Friday Fine-Tune: Opening Up MPE's Shell
February 24, 2017
Way back in the middle 1990s HP added the Posix shell to the HP 3000. The improvement meant customers who had Unix and MPE running in the same shop could train operators and managers with a single set of commands. Posix was a plus, making the 3000 appear more Unix-like (which seemed important at the time).
Over the years, however, Posix has been a feature waiting be discovered for most 3000 managers and operators. The computer's operating system was renamed from MPE/XL to MPE/iX just for this added Posix feature. But enough history; Posix is still on the 3000 and remains a powerful interface tool, an alternative to the CI interface that HP created for the system. You can even call Posix commands from the CI, a nifty piece of engineering when it can be done.
That's not always possible, though. A customer wanted to know how to "expand wildcard shells" using Posix. He tried from the CI and had this story to relate.
:LL /BACKUPS/HARTLYNE/S*
ls: File or directory is not found
So how do I do this? I need to be able to tell tar to archive all of the reels of a STD STORE set via a regexp. It does not work in tar, and it apparently does not in ls—so I speculate that there is something special about the innovation of Posix utilities from the CI that I am not aware of. What is it?
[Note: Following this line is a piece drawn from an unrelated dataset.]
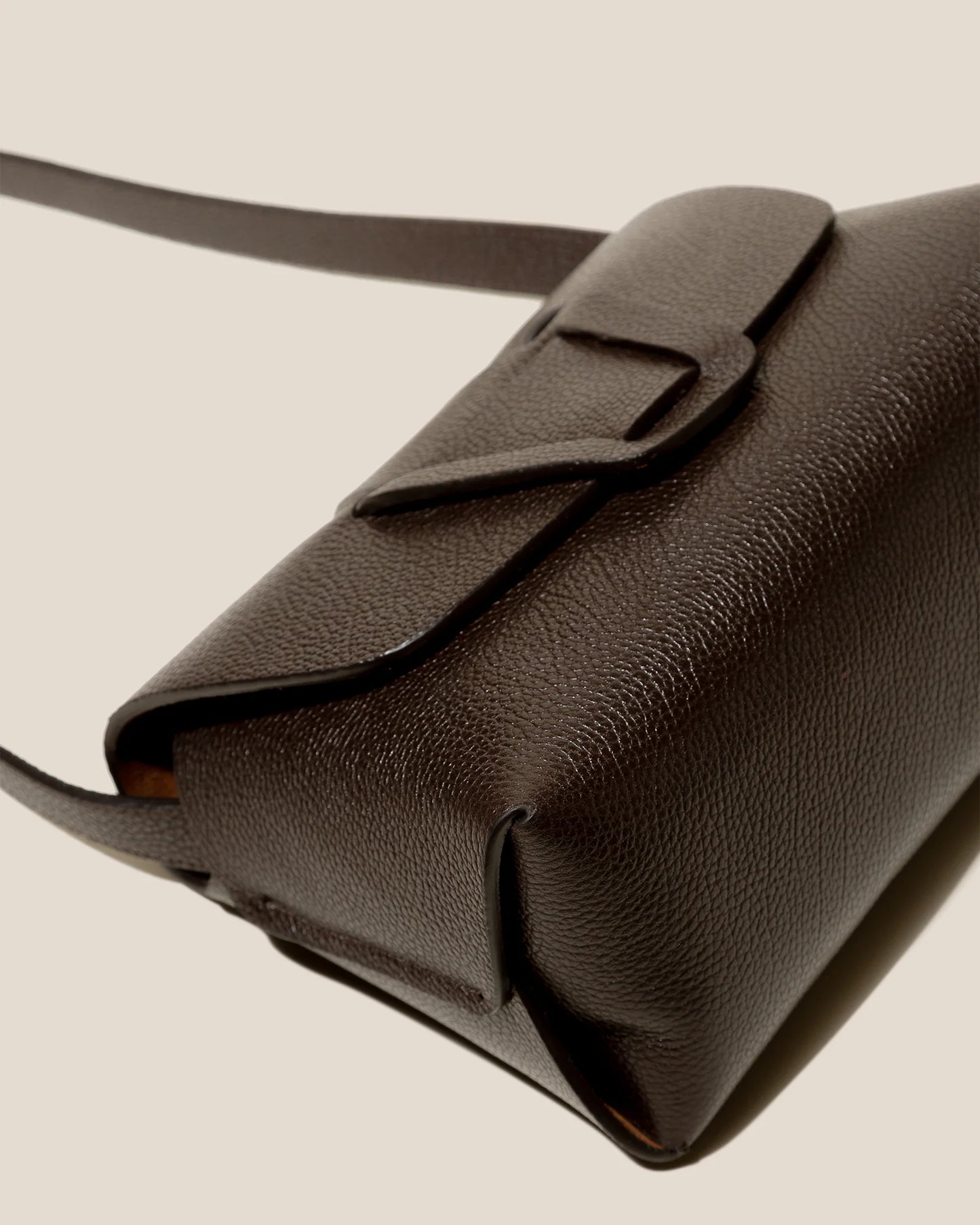 HEREU MABRA GRAINY CROSSBODY BAG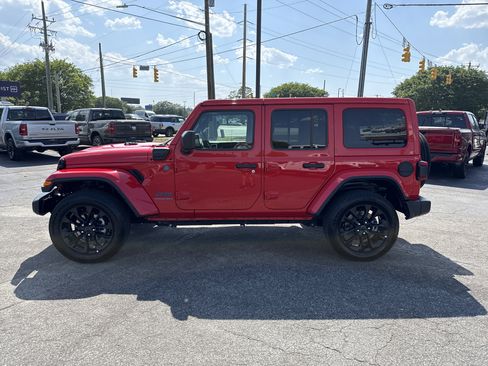 Certified 2025 Jeep Wrangler Unlimited Sahara w/ Safety Group AWD/4WD image 6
Jeff Vance, the 3000 CI guru at while at HP, replied "Wildcards on most (all) Unix systems, including Posix implementations, are done by the shell, not the individual programs or in-lined shell commands, like ls in your example. A solution is to run the shell and execute ll from within.
An interesting footnote if you've read this far: The Posix shell for the 3000 is one part of the operating system that was not built by HP. The shell was licensed by HP from MKS, and Hewlett-Packard paid royalties to MKS so Posix could work inside of MPE/iX. That was an issue that posed a potential snag for source code licensing from HP. But the outside license issues never ended up blocking emulation or source-license arrangements. Managers have used Posix on the 3000 as a way to get familiar with commands in Unix systems. In the great majority of instances, these commands are the same.